File size: 6,424 Bytes

---
license: apache-2.0
language:
- en
datasets:
- mychen76/invoices-and-receipts_ocr_v1
- unsloth/LaTeX_OCR
- prithivMLmods/Latex-KIE
base_model:
- Qwen/Qwen2-VL-2B-Instruct
pipeline_tag: image-text-to-text
library_name: transformers
tags:
- text-generation-inference
- image-caption
- mini
- art explain
- visual report generation
- photo captions
- cutlines
- qwen2
- inscription subtitle
- representation
---
![2.png](https://cdn-uploads.huggingface.co/production/uploads/65bb837dbfb878f46c77de4c/yUKVKSX2E18k0h3YwCx1h.png)

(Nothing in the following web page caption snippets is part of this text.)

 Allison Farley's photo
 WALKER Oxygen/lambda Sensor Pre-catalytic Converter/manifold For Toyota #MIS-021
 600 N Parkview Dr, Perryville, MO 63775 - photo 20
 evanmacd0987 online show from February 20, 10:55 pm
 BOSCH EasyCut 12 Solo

# **Imgscope-OCR-2B-0527**

> The **Imgscope-OCR-2B-0527** model is a fine-tuned version of *Qwen2-VL-2B-Instruct*, specifically optimized for *messy handwriting recognition*, *document OCR*, *realistic handwritten OCR*, and *math problem solving with LaTeX formatting*. This model is trained on custom datasets for document and handwriting OCR tasks and integrates a conversational approach with strong visual and textual understanding for multi-modal applications.

> [!note]
Colab Demo : https://huggingface.co/prithivMLmods/Imgscope-OCR-2B-0527/blob/main/Imgscope%20OCR%202B%200527%20Demo/Imgscope-OCR-2B-0527.ipynb

> [!note]
Video Understanding Demo : https://huggingface.co/prithivMLmods/Imgscope-OCR-2B-0527/blob/main/Imgscope-OCR-2B-05270-Video-Understanding/Imgscope-OCR-2B-0527-Video-Understanding.ipynb


---

### Key Enhancements

* **SoTA Understanding of Images of Various Resolution & Ratio**
  Imgscope-OCR-2B-0527 achieves state-of-the-art performance on visual understanding benchmarks such as MathVista, DocVQA, RealWorldQA, and MTVQA.

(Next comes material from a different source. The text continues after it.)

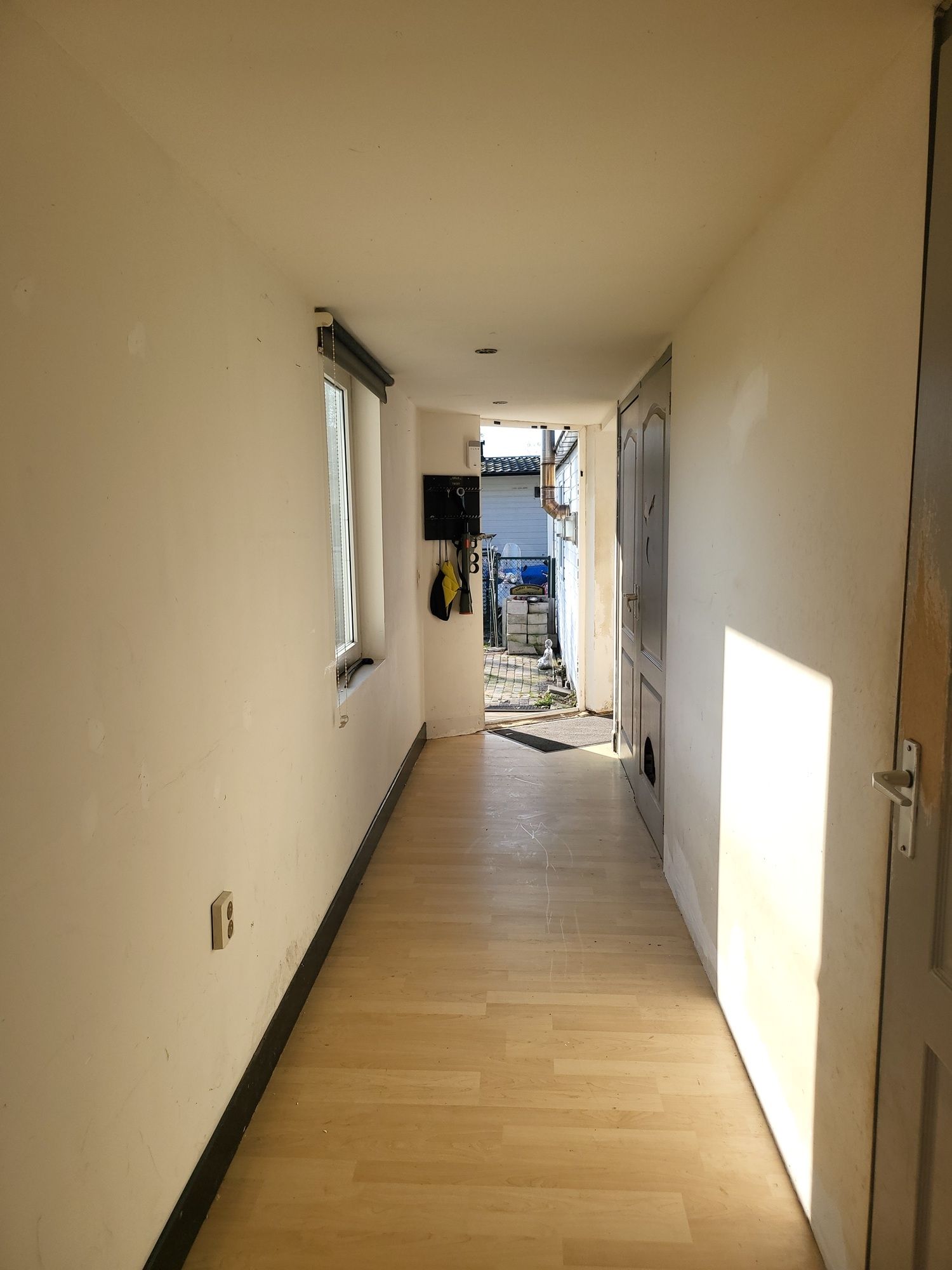 Foto 9 van Vijverweg 1-224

* **Enhanced Handwriting OCR**
  Specifically optimized for recognizing and interpreting **realistic and messy handwriting** with high accuracy. Ideal for digitizing handwritten documents and notes.

* **Document OCR Fine-Tuning**
  Fine-tuned with curated and realistic **document OCR datasets**, enabling accurate extraction of text from various structured and unstructured layouts.

* **Understanding Videos of 20+ Minutes**
  Capable of processing long videos for **video-based question answering**, **transcription**, and **content generation**.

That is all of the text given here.